E é por isso que adoro, de verdade, o que Sarah J. Mass fez com Nestha Archeron em Corte de Espinhos e Rosas. Sua raiva e autossabotagem a fazem machucar quem ama, mas seu arco não se trata de ser perdoada e sim de encontrar um jeito de lidar com suas dores sem se destruir no processo.
Quando comecei a desenvolver meus personagens lá trás, em 2018, percebi que não bastava simplesmente dar a eles falhas ou traumas. Na época, eu já sabia que precisava fazer com que suas escolhas tivessem peso real. Nenhum deles se encaixa facilmente no molde de herói ou vilão. E lembro que quando li Vilão, da V.E. Schwab, em 2019, a química do meu cérebro mudou.
Amo protagonistas que oscilam entre uma vida repleta de segredos, enquanto carrega um desejo violento alimentado por algo antigo. Isso torna personagens perturbadores, e que trazem caos para a narrativa, uma presença magnética e inevitável em cena. Eles nunca apenas reagem ao mundo ao redor. Eles o moldam, seja destruindo ou reconstruindo tudo o que encontram no caminho.
Minhas mocinhas, mesmo sendo heroínas, acabam questionando um sistema, com atitudes e escolhas impulsivas, mas sempre movidas por algo maior. E claro, nem sempre sabendo exatamente o porquê. As vezes, seu personagem vai descobrir suas motivações no processo também. O que mais me fascina em ambos é que, em diferentes momentos da história, eles podem ser vistos como certos ou errados. Tudo depende de quem está lendo.

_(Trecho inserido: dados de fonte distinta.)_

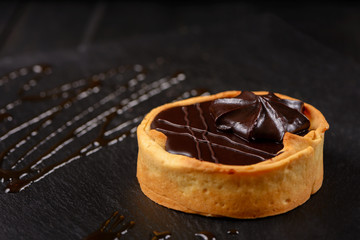 Homemade tart  with dark chocolate on a dark background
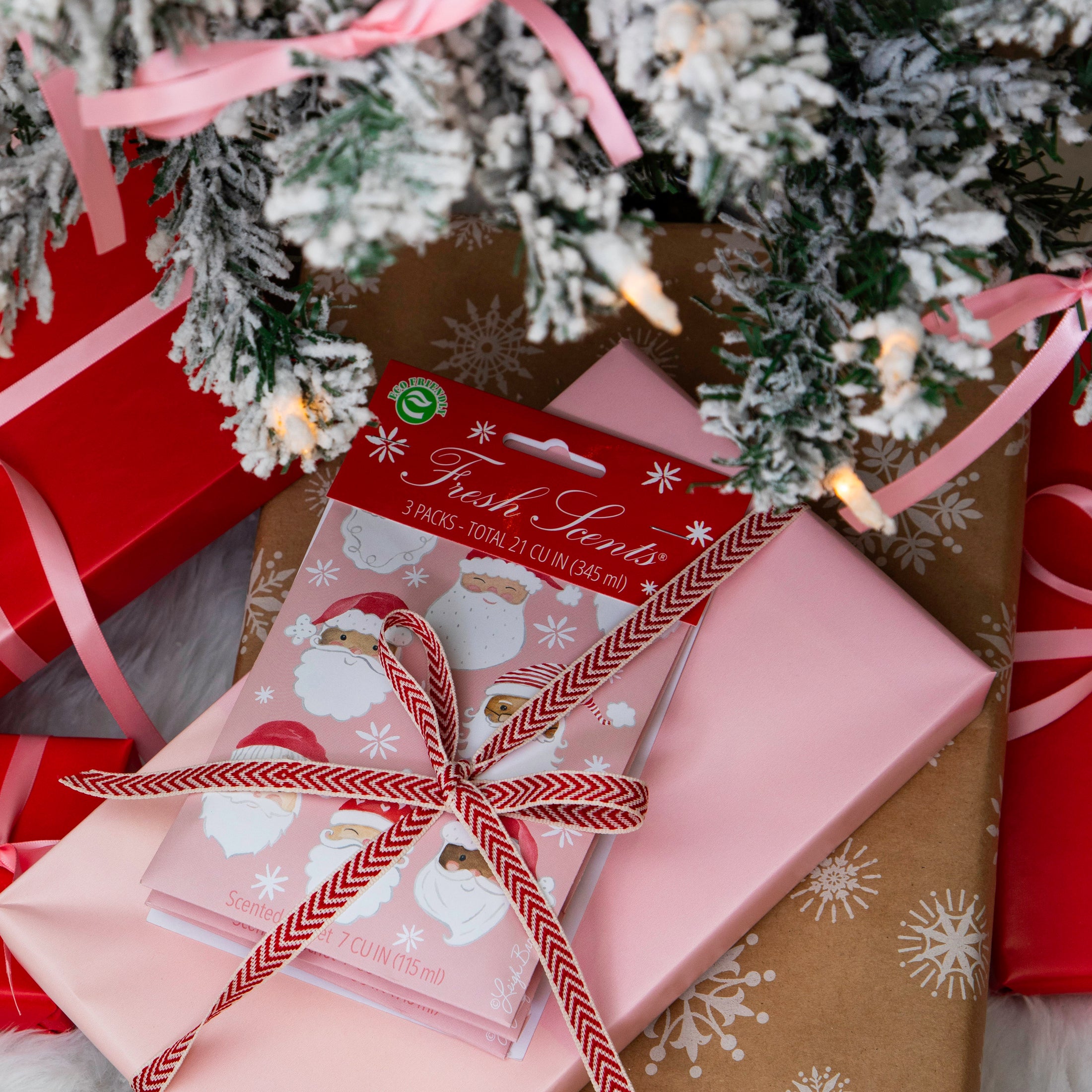 Pack of pink scented sachets with watercolor santas on it displayed under a frosted Christmas tree wrapped in a bow with other gifts.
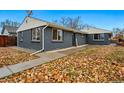 Charming single-story brick home with well-maintained landscaping and a concrete walkway leading to the front door at 1010 S Osceola St, Denver, CO 80219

E no fim, é disso que se trata um personagem moralmente cinzento bem construído: alguém que faz a gente pensar, duvidar e sentir tudo ao mesmo tempo. A moral da história? O que nos prende a um personagem não é o que ele faz, mas por quê. Um personagem cinzento bem escrito não existe para ser cool ou chocante. Ele foi feito e existe para nos desafiar.
E talvez, no fundo, seja por isso que o amamos.
🙏 A que céu estamos?
Venho com um alívio extremo compartilhar com vocês que… Março começou com tudo! Consegui encontrar equilíbrio, e agora eu leio, produzo e escrevo em turnos diferentes, e isso foi um alívio tão grande. Acho que todo escritor brasileiro que ainda está na luta pra se estabilizar nessa carreira (se é que isso é possível) precisa encontrar uma forma de levar a escrita enquanto tem um trabalho principal durante o dia, né?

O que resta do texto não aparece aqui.